Records to use
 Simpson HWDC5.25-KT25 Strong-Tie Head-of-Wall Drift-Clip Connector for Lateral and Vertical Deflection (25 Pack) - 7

==

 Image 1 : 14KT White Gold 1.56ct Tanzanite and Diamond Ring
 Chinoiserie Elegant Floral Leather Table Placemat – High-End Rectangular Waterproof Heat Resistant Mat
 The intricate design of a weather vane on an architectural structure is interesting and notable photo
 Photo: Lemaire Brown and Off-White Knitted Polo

Task to complete
What you give back should be only the lines of the records above, starting at the line with "The intricate design" and ending at the line with "Photo: Lemaire Brown", restated word for word.

Reply
 The intricate design of a weather vane on an architectural structure is interesting and notable photo
 Photo: Lemaire Brown and Off-White Knitted Polo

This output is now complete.